There, because she speaks English poorly, his wife had a hard time, he said. "And the judge believed the child that she wasn't stealing," Choung says wonderingly. "They put my wife on probation, and had to pay a fine."
That sort of thing had played a part in convincing Choung he should eventually get out of the grocery business.
Some of those who stay in the business take extraorinary steps to protect themselves. The Yu-Jin Market in Baltimore prepared for the worst by transforming a neighborhood grocery store into a fortress.
An iron gate covers the door. The windows are boarded up. A sheet of bullet proof glass separates the entryway from the main part of the store, requiring customers to give their orders to the store owners through the glass.
The items are then passed out through a small window, also made of bullet proof glass. It is possible for the transaction to take place without any real contact between the customer and the merchant.
Another Korean couple, Kun T. and Myung W. Chon, has owned a grocery store in northeast Baltimore for two and a half years and were robbed for the first time early last year. After that they got a guard dog. And now, since the O murder, they too have decided to get a bullet-proof protective window.

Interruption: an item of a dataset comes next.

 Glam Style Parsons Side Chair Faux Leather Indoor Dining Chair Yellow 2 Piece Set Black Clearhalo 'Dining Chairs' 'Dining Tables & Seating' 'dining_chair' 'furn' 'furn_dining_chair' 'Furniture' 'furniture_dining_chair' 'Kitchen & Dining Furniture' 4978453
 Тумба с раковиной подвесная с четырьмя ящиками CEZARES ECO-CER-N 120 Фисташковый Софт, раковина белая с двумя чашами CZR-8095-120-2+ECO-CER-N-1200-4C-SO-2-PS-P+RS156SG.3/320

Their life here, they say, is much harder than it was in Korea. There Chon worked as an equipment engineer, and they owned a large house. Mrs. Chon did not have to work and had two housemaids.
Now Mrs. Chon works 16 hours a day in the store with her husband, and they and their children live above the store in a four-room apartment.

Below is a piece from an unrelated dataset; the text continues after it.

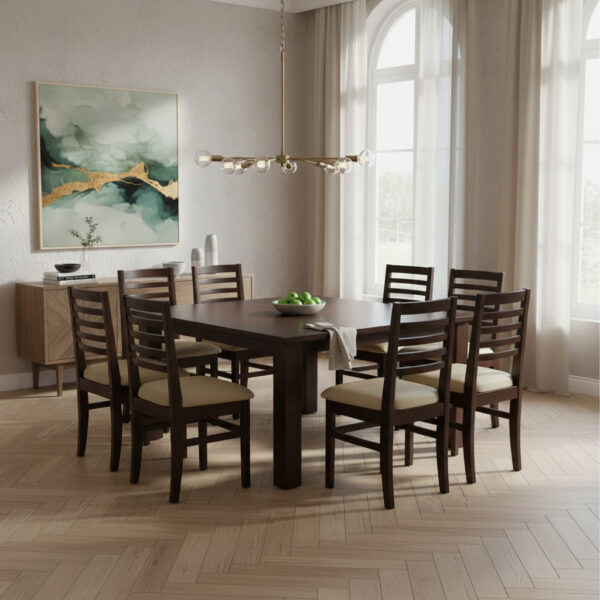 Mesa Corpus Cuadrada 1.30 + 8 Sillas Pacifico- Pino Lustrado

Despite, the difficulties and the fear of crime, they still think they made the right move in coming here, Chon said, because "here we can make the children a better life."
The store-owners' concern for their children's future is typical of Korean immigrants here, says Dr. Keun Ho Yu, a psychiatrist and member of the board of the Korean Society of Greater Baltimore. He theorizes that their attempts to move up quickly in American life and their willingness to take chances to make a good living cause them to be victimized more than they might otherwise be.

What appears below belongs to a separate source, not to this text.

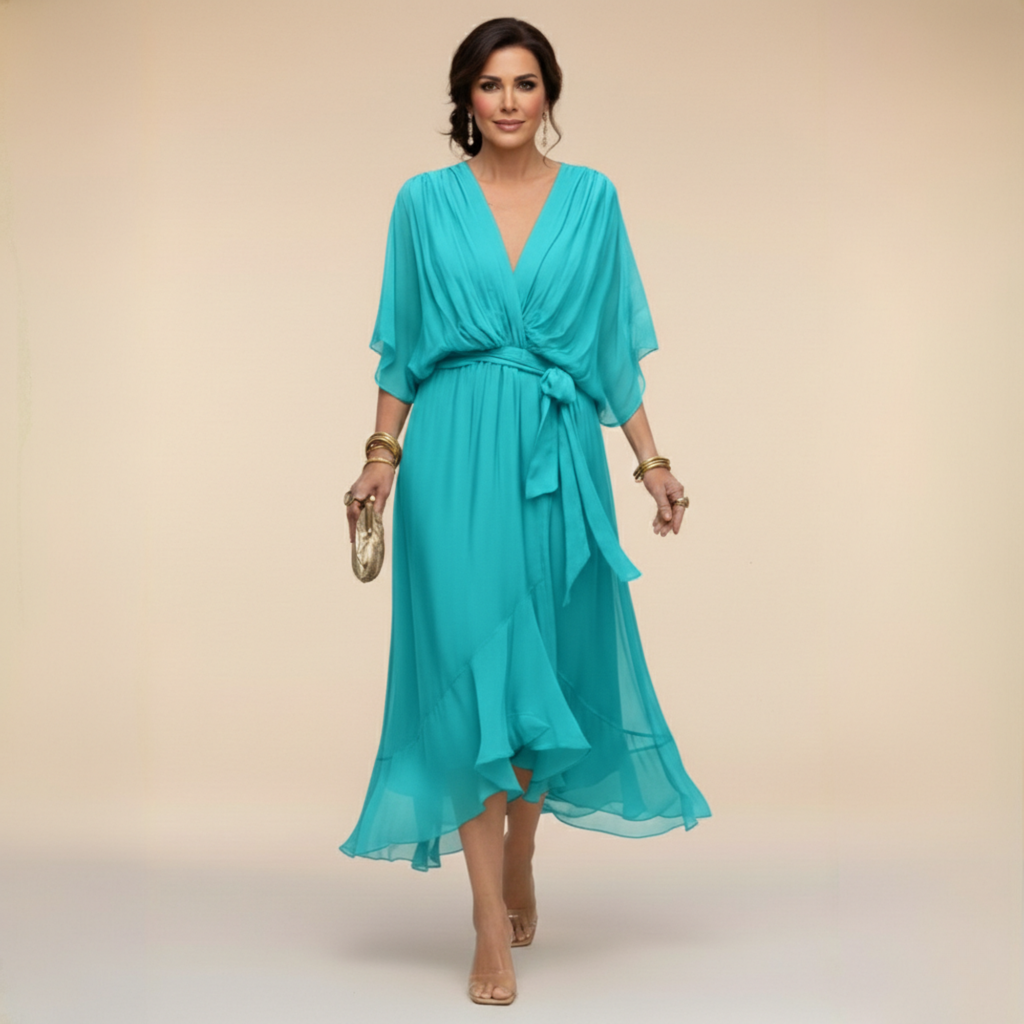 Robe Femme Chiffon Fluide Col V Coupe Élégante Ceinturée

Perhaps because Koreans seem to move rapidly from one class ot another, first simply being wage-earners, them store-owners, "there may be some element of jealously, even perceived competition" on the part of blacks in the neighborhoods they move into, he explains. "And because Koreans are very foreign to the American way of life, they may also be seen as vulnerable individuals," he says.
In the meantime, though, Koreans are continuing their movement upward in American society. Jong Chang, president of the Korean Businessmen's Association in Baltimore, may represent this movement toward the American dream as well as anyone.
He came here in 1969 with only $100 in his pocket, he says. He and his wife worked hard, first with a variety of jobs, then with their own Oriental-food grocery store. They scrimped and saved, moved on to other ventures, and today own not only a grocery store, but a gas station and travel agency with branches in Washington and New York. They live in a $100,000 home, he says, and drive a Cadillac.
"Koreans who come here want to establish a good life for their children, the second generation," says Chang. "They're like any other immigrant group that comes here."